Your earning potential is fine. You really, really don't want to be a sociopath, because sociopaths suck at taking advantage of win-win opportunities. As a rule, they more or less hate the world around them and feel that the only way to win is to screw everyone else. Just focus on playing the game well and you'll beat them easily. Most average people don't care much about doing either, the one real advantage sociopaths have is their focus.
because it really helps, particularly for spectacular success, which is held up perpetually in front of our faces by the media, which also appears to be filled with sociopaths
in the bible, the devil had the power to offer Christ all power and riches of this world, which Christ refused
decent people with decent products just don't make it.
Which is why you need to make your product a little more than decent. "Evil
will always triumph because good is dumb." So be less dumb, and you can
stay just as good.
Conversely, the master morality is adapted to being a master. A King may lie in diplomacy and betray allies and that kind of thing would be horrible in a peasant, but the King's actions might make his entire country better off and in a utilitarian sense that values only the King's countrymen - it may make everyone better off. But regardless of who is made better off by it the masters, like the peasants, have developed their own sense of morality, closer to ends justifying the means, because it is adaptive for them.

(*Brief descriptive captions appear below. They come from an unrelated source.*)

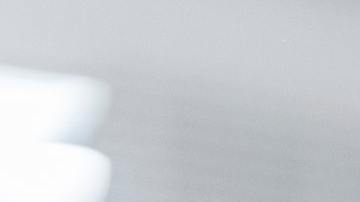 bebé recién nacido con mamá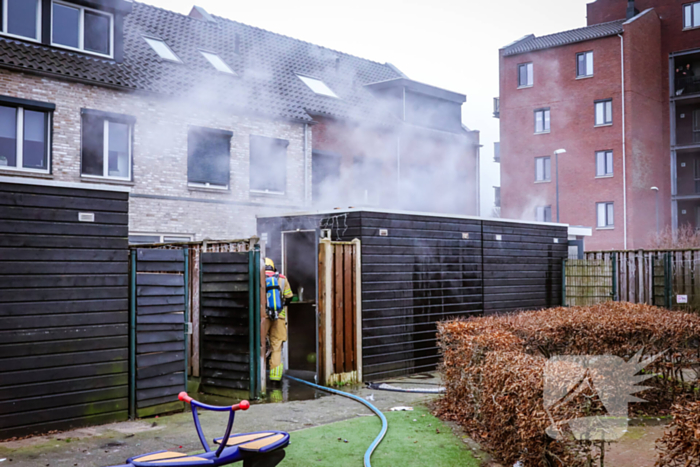 Uitslaande brand in schuur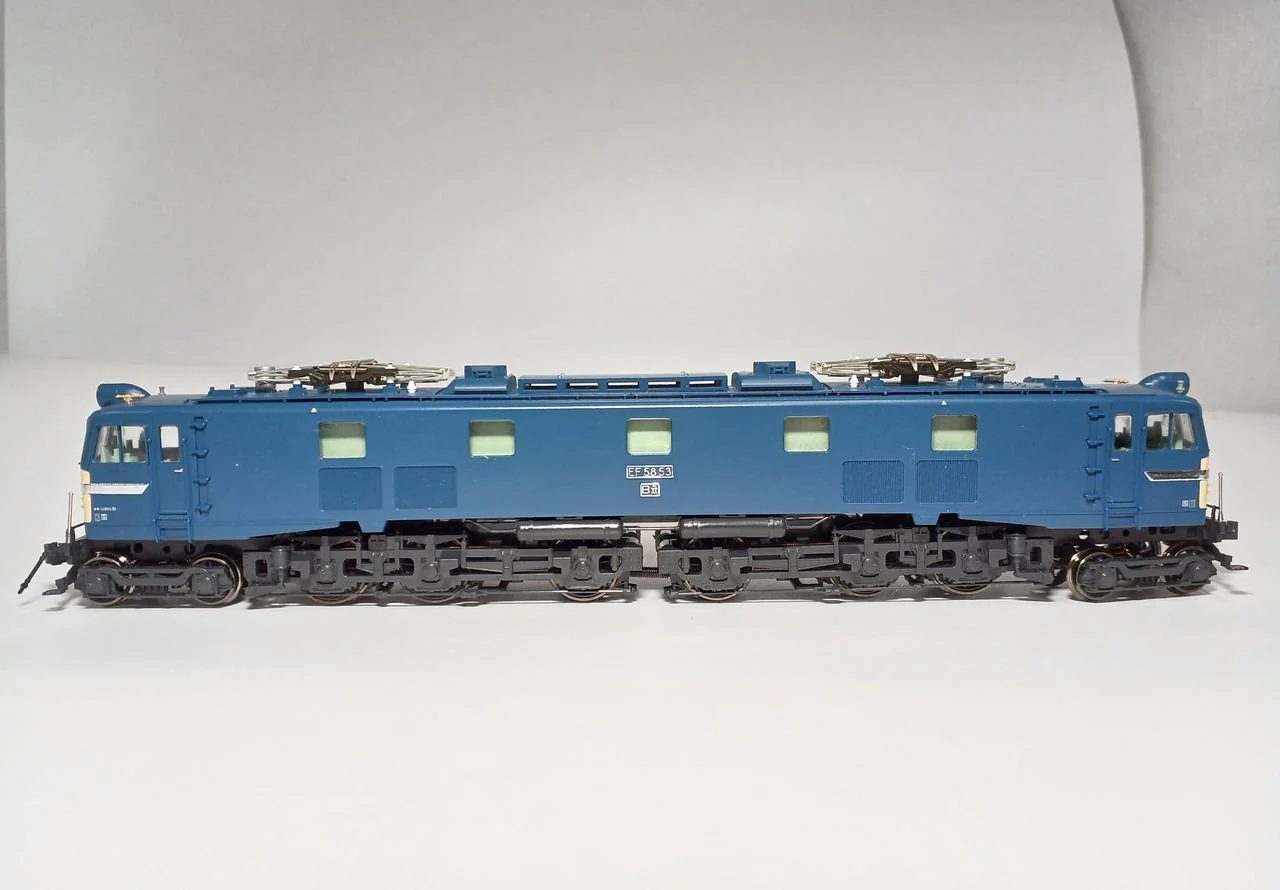 KATO HO Gauge EF58 (Large Window, Blue) HO Gauge 1-301 - Image 5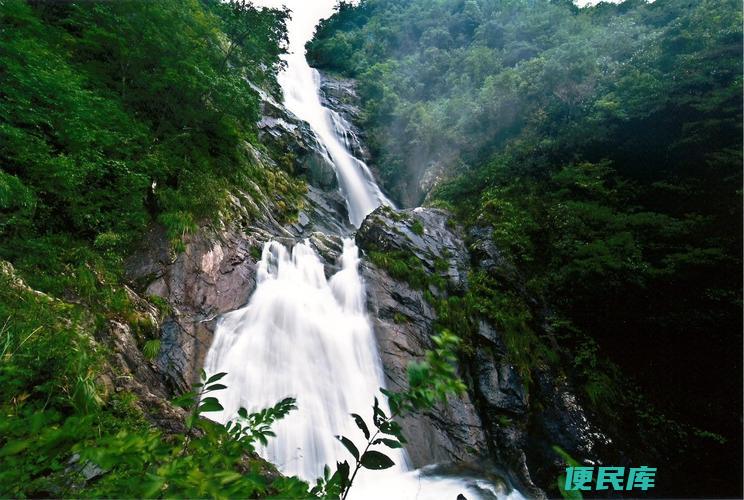 临安有哪些旅游景点推荐一下（介绍临安市值得游览的景点推荐）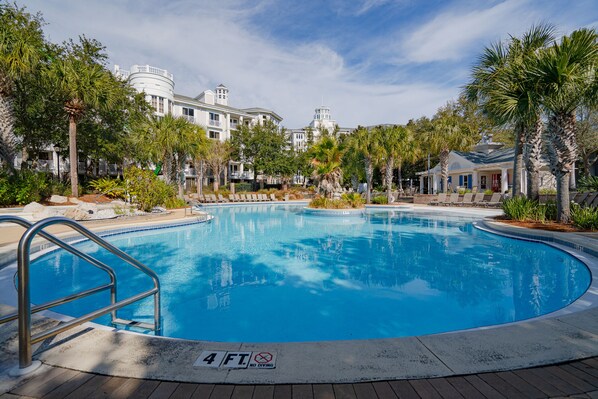 3 outdoor pools, pool loungers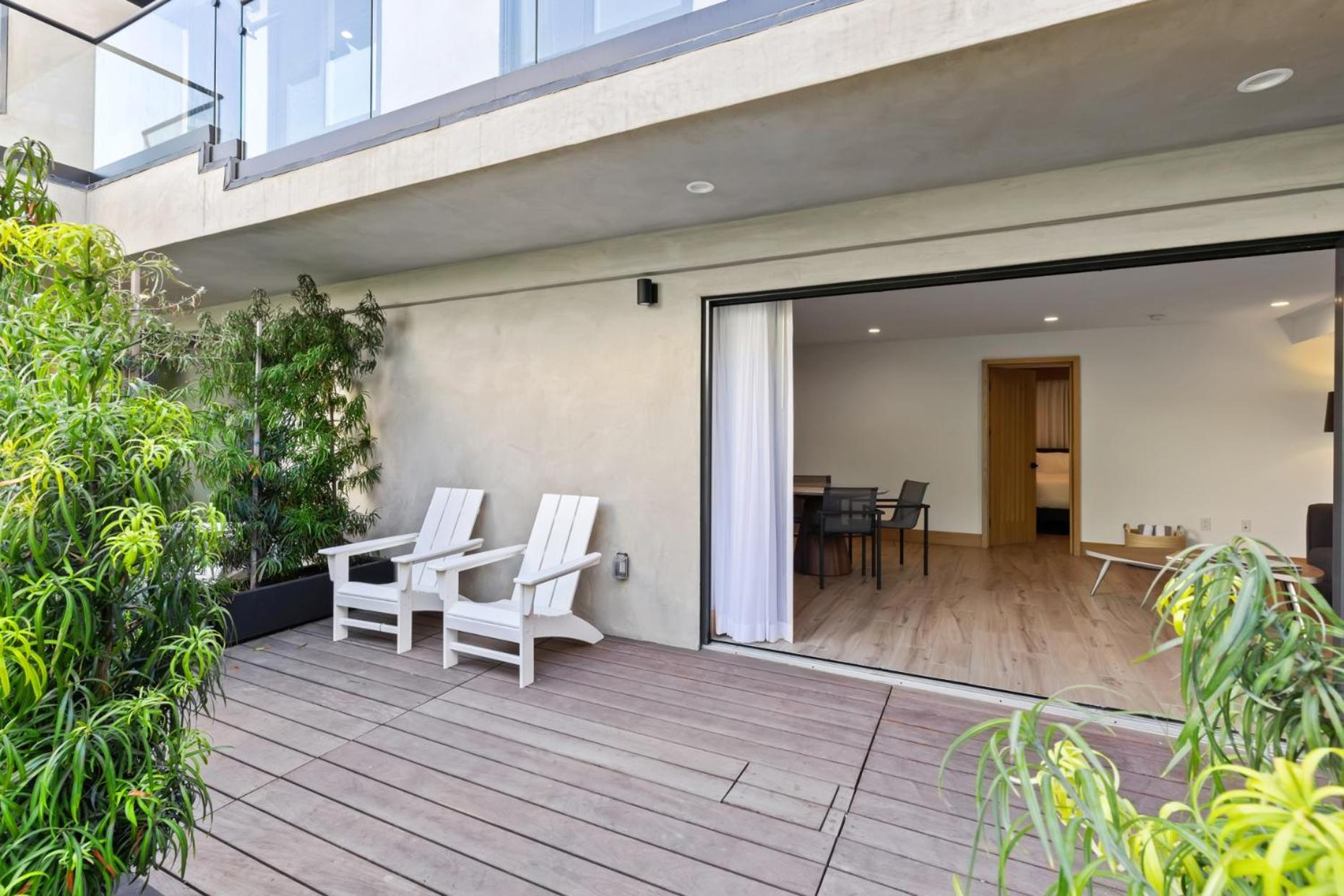 Malibu Sand Carbon Beach Suites Zewnętrze zdjęcie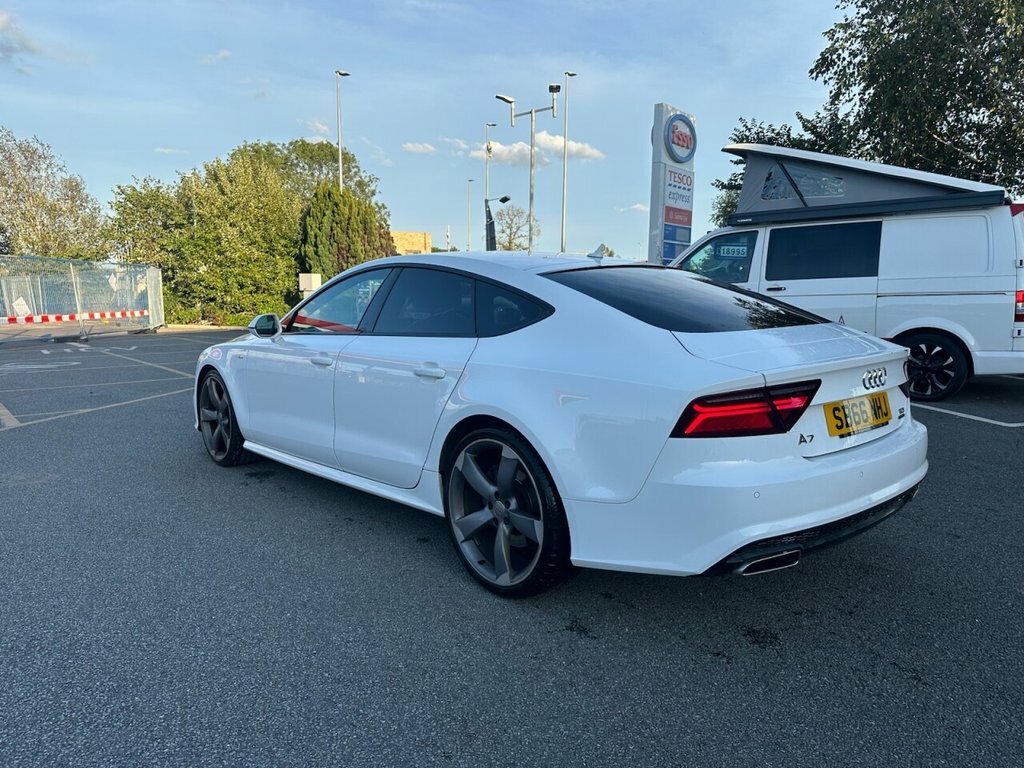 Audi A7 3L Black Edition White #5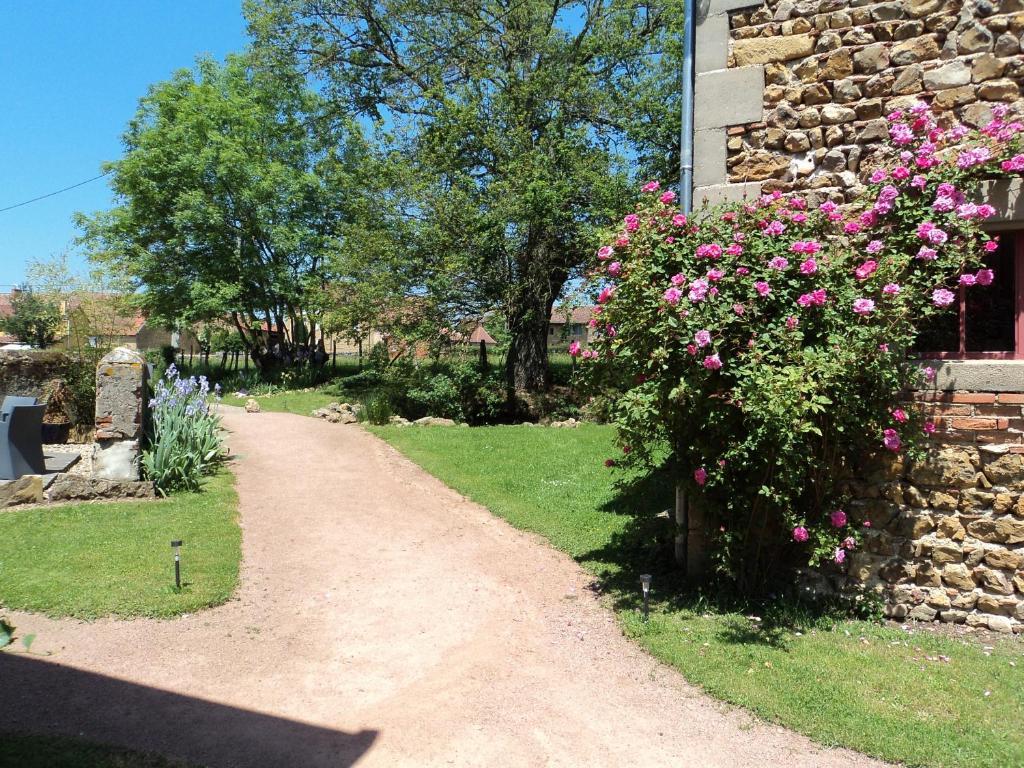 Chambres D'Hotes La Vie En Roses Iguerande Bagian luar foto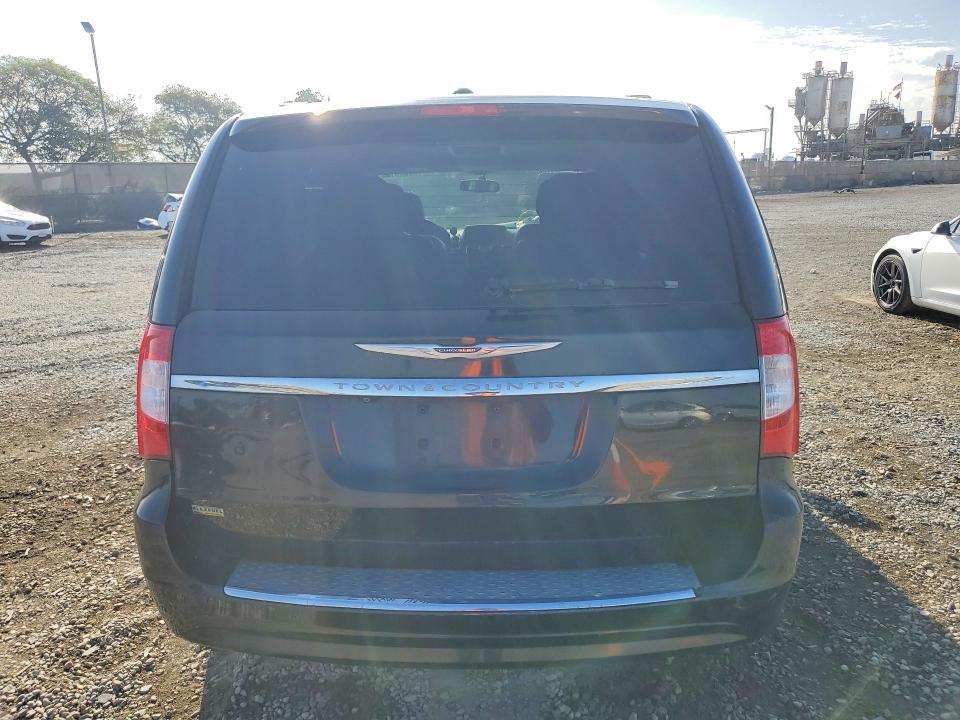 2015 Chrysler Town & Country მანქანა იყიდება აუქციონზე, vin: 2C4RC1BGXFR636731, აუქციონის ნომერი: 70808516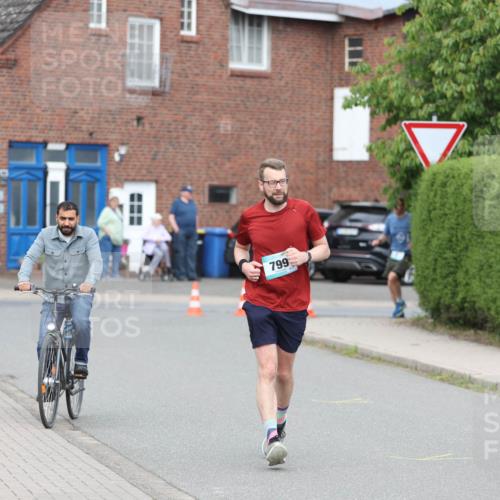 10.05.2026 - 8. Wedeler Halbmarathon Andreas Tolksdorf http://msf.ph/oto/9695607 10.05.2026 10:27:28 Laufen 799 meine-sportfotos.de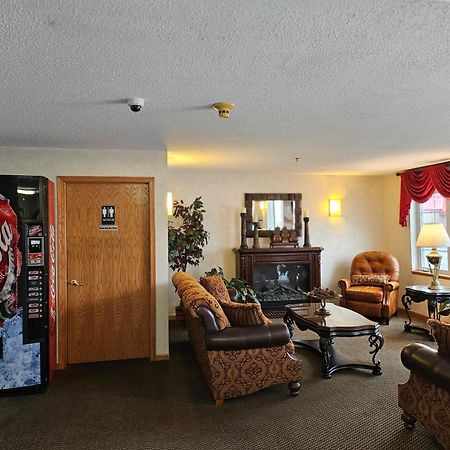 Lincoln Host Motor Inn Escanaba Buitenkant foto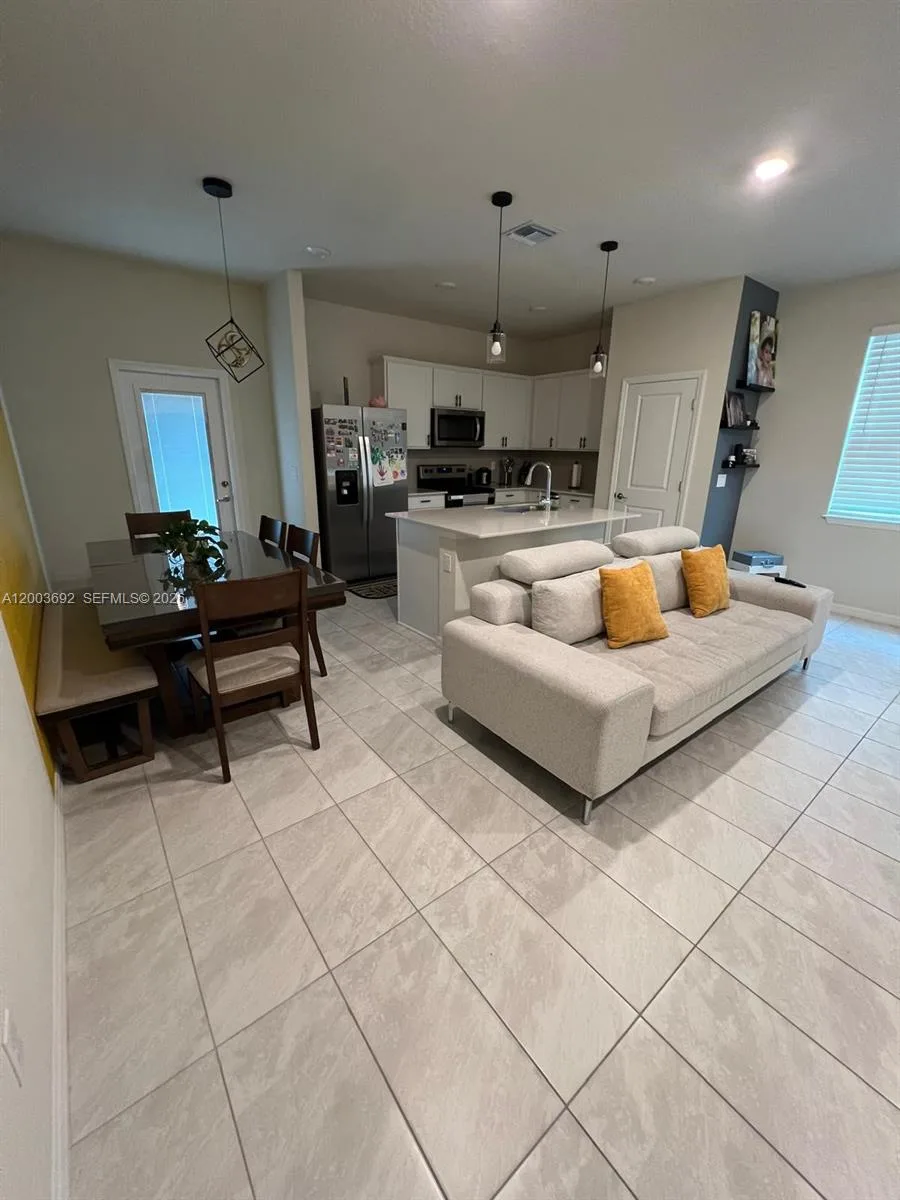 3235 Watercress DR, Lauderdale Lakes, FL 33311 photo 4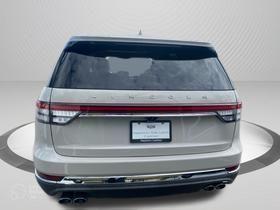 Pearl Metallic 2020 Lincoln Aviator Reserve AWD
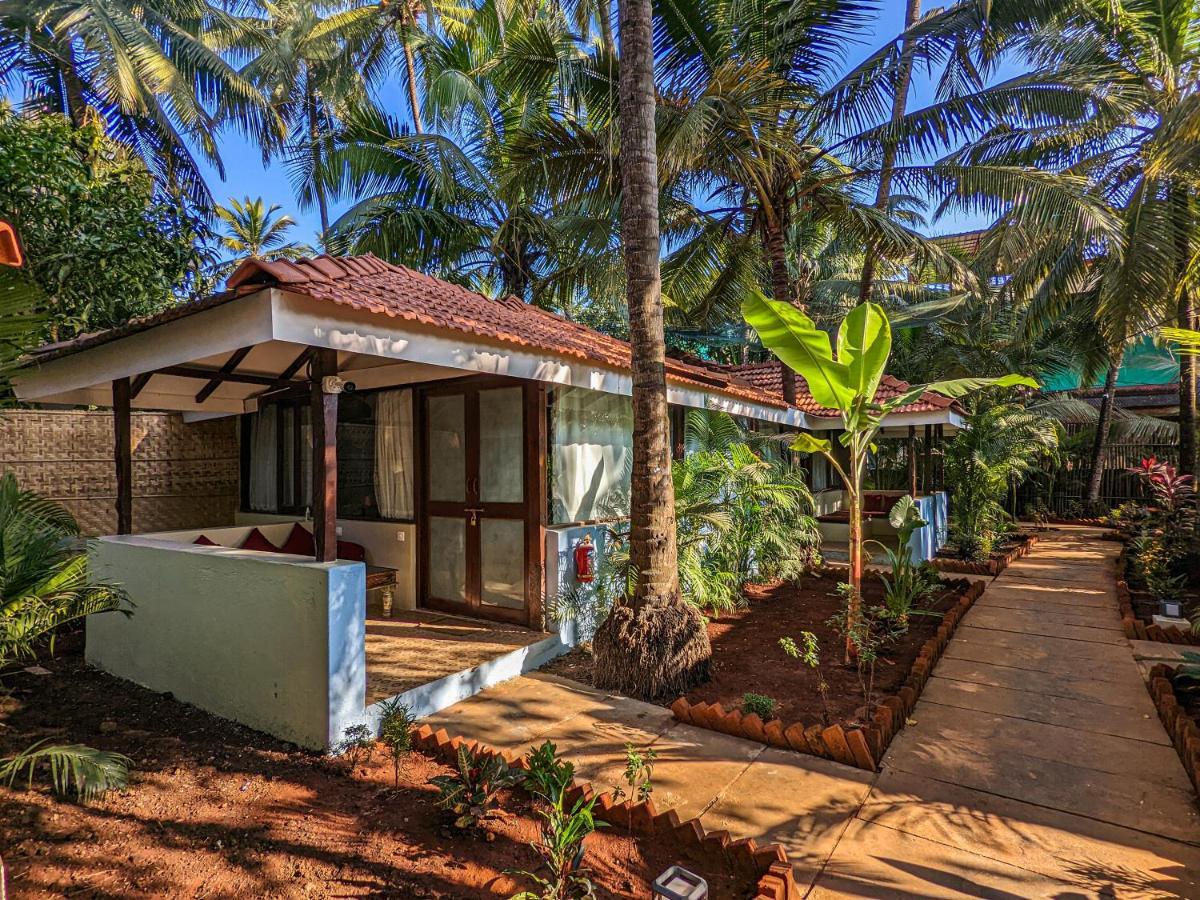 De Soul Sante Beach Resorts Morjim Goa Exterior foto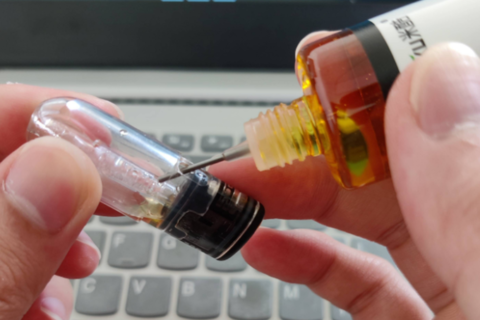 悦刻烟弹可以注入烟油吗？悦刻烟弹怎么注油？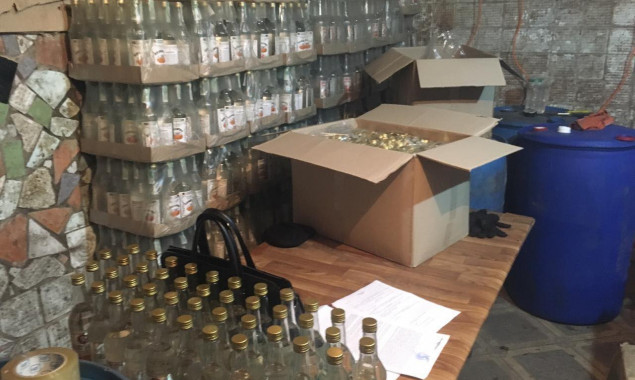 В Киеве обнаружен очередной цех с контрафактным алкоголем (фото)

Names like "Master" and "Slave" make it seem like the master morality is the good morality or that the slave morality is bad. But I think those are just value judgments that come from the words. Nietzche says (to my understanding) that the truly noble person must move beyond either the master or slave morality and do what is actually right based on his own understanding and without regarding for the folk traditions of either class of master or slave morality.
Ultimately, what I'm trying to get at is it may be the case that your morality is adapted to being a worker-bee and the CEO's morality is adapted to being a CEO and so what the CEO does can seem sociopathic because the CEO is actually playing by a different set of rules or with different goals in mind.